En attendant, chacun y va de sa proposition, alimentant ainsi les contradictions. « La Sill est prête à payer 375 euros si toutes les laiteries payent le même prix », cite Jean-Michel Favennec, président de l’OPL 29. Dans le même temps, Entremont Alliance annonce un prix de 244 euros pour les mois d’octobre et de novembre. « Bongrain a annoncé 200 euros », enchérit un producteur.
Bref, la confusion la plus totale règne. Avec cette certitude unanimement partagée que « peu de producteurs tiendront avec un prix frôlant les 200 euros ». Parmi de nombreux autres témoignages, ce désarroi était exprimé, vendredi dernier à Pont-de-Buis, par un jeune producteur très remonté et difficilement calmé par ses pairs. « Le lait est valorisé à 1,06 euro/litre par les laiteries. Moi, je perds 1 500 euros par mois. Ça ne peut pas durer. Nous aussi on a le droit d’espérer de construire une famille, une maison ». De longs applaudissements saluent l’intervention de ce jeune qui verse des larmes de colère. La crise laitière n’est pas simplement économique… Les dégâts humains guettent la profession.
Didier Le Du
(voir aussi en pages départementales)
Photo : Les épandages de lait avec parfois plus de 200 tonnes sur une même parcelle (ici à Sainte Trèphine en Côtes d’Armor) ont largement contribué à médiatiser le mouvement de grève.
Quelle régulation ?
S’il est un mot qui met tout le monde d’accord, c’est bien la régulation. De fait, elle existe avec les quotas laitiers. Mais appliqués de façon discriminante en Europe, elle ne joue pas pleinement son rôle. Les producteurs allemands peuvent produire plus sans pénalité alors que les Français sont taxés au 1er litre de dépassement.

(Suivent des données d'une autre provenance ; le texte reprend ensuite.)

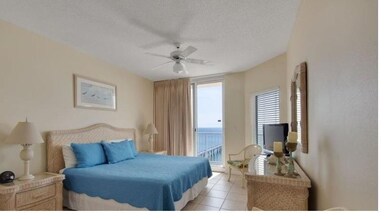 condo7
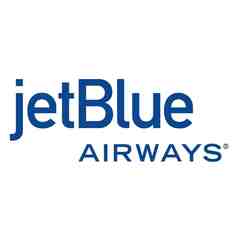 jetBlue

D’aucuns comptent beaucoup sur une régulation qui consisterait à hisser de hauts murs douaniers autour de la citadelle européenne. C’est oublier que l’Union européenne adhère à l’OMC qui se traduit par une ouverture des frontières. C’est oublier aussi que l’agriculture n’est qu’un pan de l’économie européenne et que de nombreux secteurs économiques (produits industriels allemands) doivent leur prospérité à l’exportation. Sans parler que des prix maintenus artificiellement hauts font germer des produits de substitution du lait, de la viande, etc. alliés du consommateur en quête de produits pas chers.
Les organisations professionnelles (OP) peuvent apparaître comme des outils de régulation de l’offre et des prix maîtrisés par les producteurs. La difficulté étant leur mise en œuvre comme l’ont éprouvé les légumiers du Nord-Bretagne en proie permanente avec de fausses OP qui ne jouent pas le jeu de la concentration de l’offre et qui attisent les guerres de bassins.
La meilleure régulation serait sans aucun doute la régulation européenne sous couvert d’arme alimentaire ou d’aménagement du territoire. C’est sans complexe que les Américains protègent leur agriculture. Il faut pour cela une vraie volonté politique.